McGregor’s work is often collaborative in influence and creation, and, like Woolf, he works with and around creatives that are nurturing ballet, and his own work, in new and innovative ways. Woolf was a figure in the Bloomsbury Group, a collective of creatives, from artists to intellectuals, whose influence, intelligence and innovation united by the arts shaped and evolved the forms each worked in. Later embodied in his 2016 work Multiverse, ‘a landmark collaboration between leading innovators from three disciplines of contemporary art‘, ‘Becomings’ is a collaboration that uses dance, music, and design as counterparts, not competition. The beats, beeps, static, and razor-sharp strings of Richter’s score complement lighting designer Lucy Carter’s laser beams of light, and Moritz Junge’s ever-changing costumes, deconstructing and reconstructing versions of ostentatious Elizabethan dress from black ruffs to fitted bodices to full skirts, reinforce the gender-and-genre-less form.

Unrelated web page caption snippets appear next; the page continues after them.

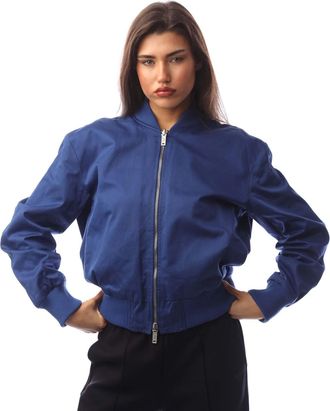 Emporio Armani Womens Reversible Bomber Jacket in Blue Cotton - Size 10 UK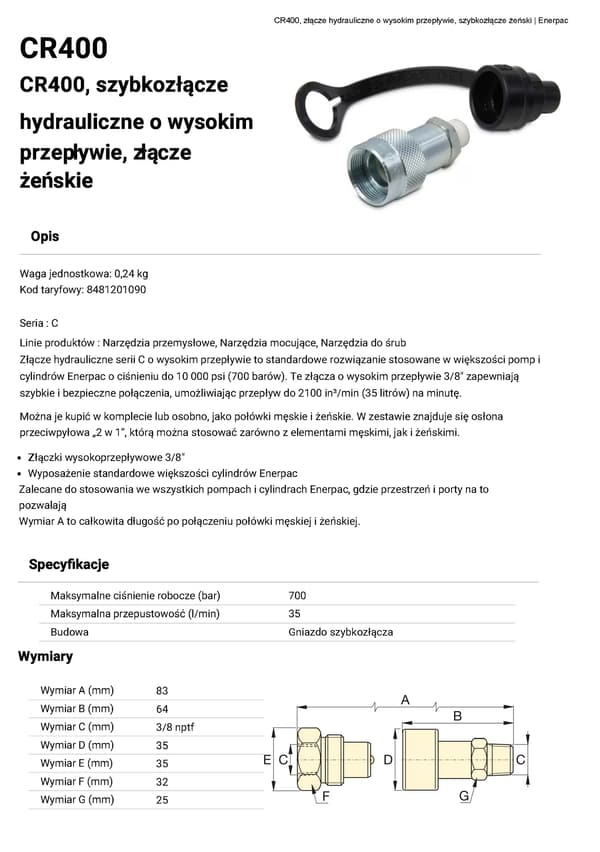 Lynkoblingsmuffe CR400 Enerpac 3/8" nptf 700ba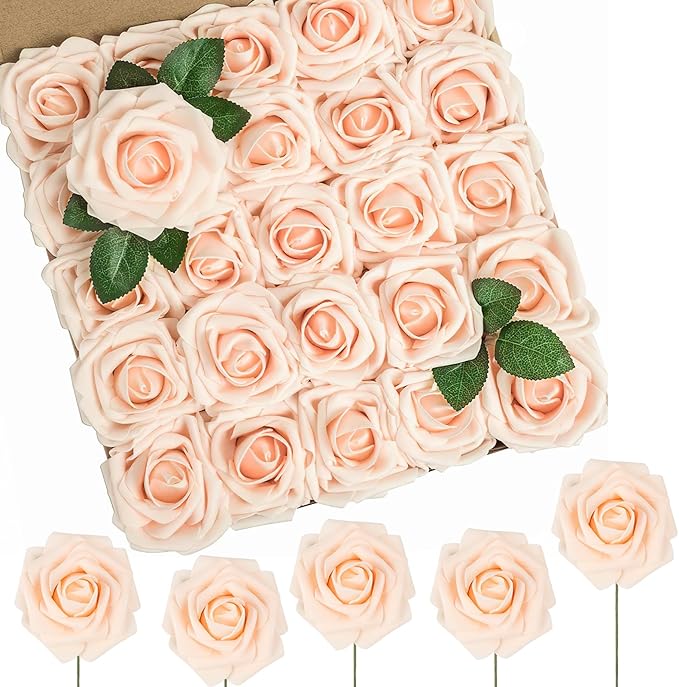 N&T NIETING Artificial Flowers, 50Pcs Fake Flowers Roses Perfect for DIY Wedding Bouquets Centerpieces Bridal Shower Party Home Flower Arrangement Decorations, Blush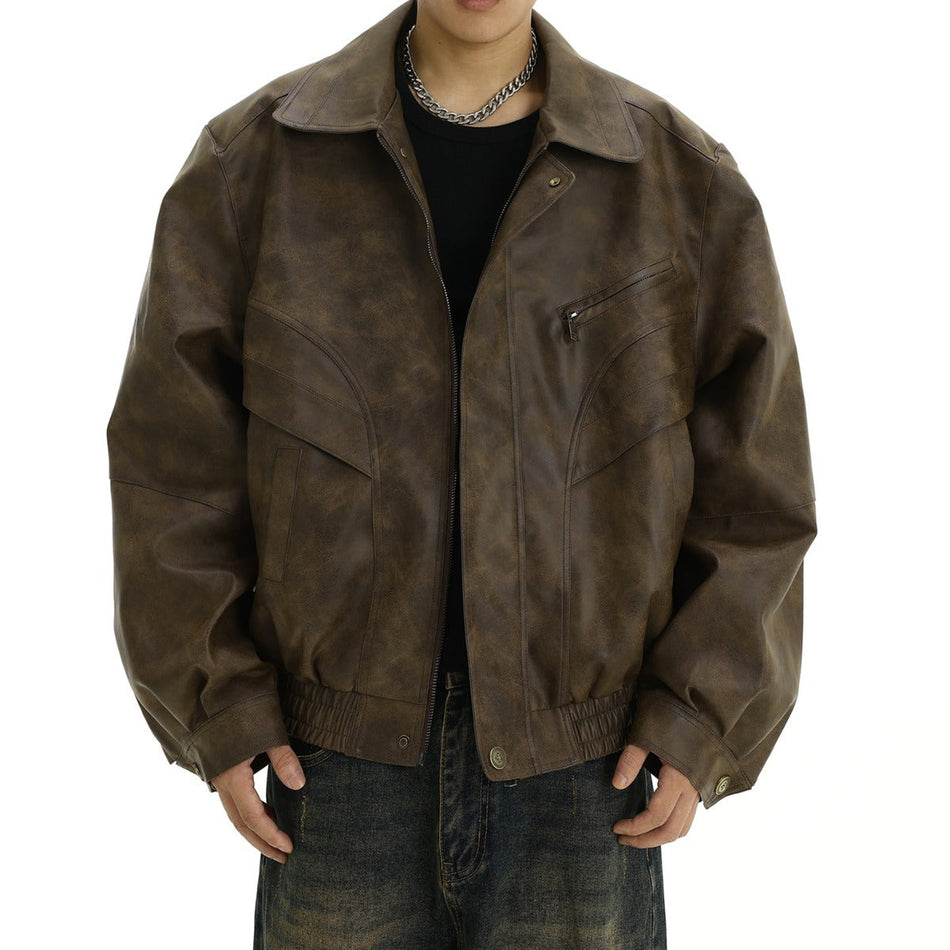 Men's Brown PU Leather Jacket Retro Lapel Jacket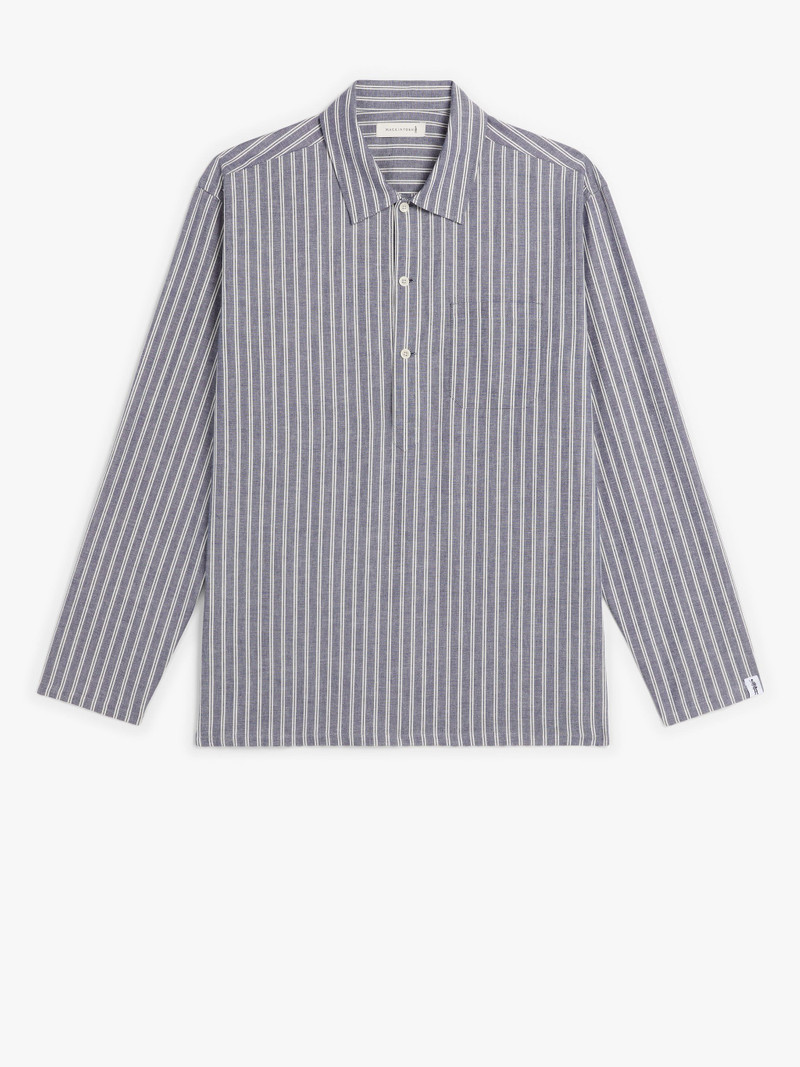 MILITARY BLUE STRIPED COTTON SHIRT | GSM-201 1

And, finally, we wash up on ‘Tuesday’, the closing piece of the triptych which returns to Ferri’s character, now more Woolf than Dalloway, and floats on the influence of Woolf’s The Waves. As the voices in The Waves, the large company of dancers are distinct individuals, but they unite as a central consciousness in the complex port de bras, moving like crashing waves at first in sync before falling out of line, like the stream of consciousness of Woolf’s writing style. Yet, ‘Tuesday’ doesn’t just stream, it pours: the dancers empty themselves into an emotionally moving sea of movement, and Richter’s music ebbs and flows and falls and grows until it feels almost overwhelming. Almost as if we’re drowning.
This feeling is layered with further poignancy as the piece opens with a reading of Woolf’s own suicide note, addressed and left to her husband, Leonard, before her untimely demise, dying by drowning herself in the River Ouse. For all Woolf’s novel and experimental style, her suicide note is exposed, stripped of pretence, and sincere, and it feels like Ferri is also stepping back from ballet’s formalities towards pure emotion as she steps out of her pointe shoes and is left barefoot, perhaps the most exposed a ballerina can be. Bonelli returns, now, like Ferri, more likely a real life iteration of her husband than a fictional one, and lifts Ferri above the waves as the music builds, reflecting the love the Woolfs had for one another in the note: ‘I don’t think two people could have been happier […] if anybody could have saved me it would have been you‘. ‘Tuesday’ is so moving that, like most of Woolf’s works, you have to stop looking for meaning, and just let it wash over you.
Woolf Works’ three acts are a balanced marriage of everything Wayne McGregor brings to the Royal Ballet, and everything they bring to him: ‘I now, I then’ is breathtakingly, heartbreakingly beautiful ballet, ‘Becomings’, with its collaborative cleverness, is a spectacle as cerebral as it is visceral, and ‘Tuesday’ is achingly haunting, hugely affecting, and a fitting finale to a piece that, like Woolf’s works, explores and pushes on the boundaries of its form. The work opens with the only surviving voice recording of Virginia Woolf as she muses how ‘words, English words, are full of echoes, of memories, of associations […] so stored with meanings‘, and it’s a sentiment McGregor seems to share. Despite earning acclaim as a more abstract choreographer, his belief is that ‘all dance is narrative’, imbued, like Woolf’s words, with meanings and memories. The pas de deux, pointe shoes, and port de bras from classical ballet are still there, but, like words under Woolf’s vision and pen, they are revitalised by a new visionary.